From plagron premium coco spec sheet - EC 0.09 – 0.14
So, it comes with zero nutrition in it. Because you used worm castings, you need to figure out what that adds and supplement it with a proper and consistent fertilization. You really shouldn't try to make a hybrid substrate. Either amend it with a more complete diet or just go soilless and provide 100% through fertilization with a religious 10% or more runoff. This skips the trial and error of what you are about to go through.
100% coco needs perlite. I'd wager worm castings make it even heavier? So, also start adding 2:1 perlite (33% perlite relative to coco). Coco on its own does not provide an optimal gas mixture around roots.

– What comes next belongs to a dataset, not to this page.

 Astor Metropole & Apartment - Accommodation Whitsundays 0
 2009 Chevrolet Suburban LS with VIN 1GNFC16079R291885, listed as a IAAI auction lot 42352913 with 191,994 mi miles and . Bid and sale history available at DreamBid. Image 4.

did it wilt? if not, it didn't 'dry too much.' A normal wet-dry cycle is fine and will never hurt your plant. If you have a tiny plant in a huge pot, you could run into problems in this regard. One of the many reasons never to put a tiny plant in a huge pot, lol. if you do things that shoot yourself in the foot, you'll have endless problems.
gardening should be easy. If it takes anything more than subtle formula shifts, most likely you are the cause of your frustrations.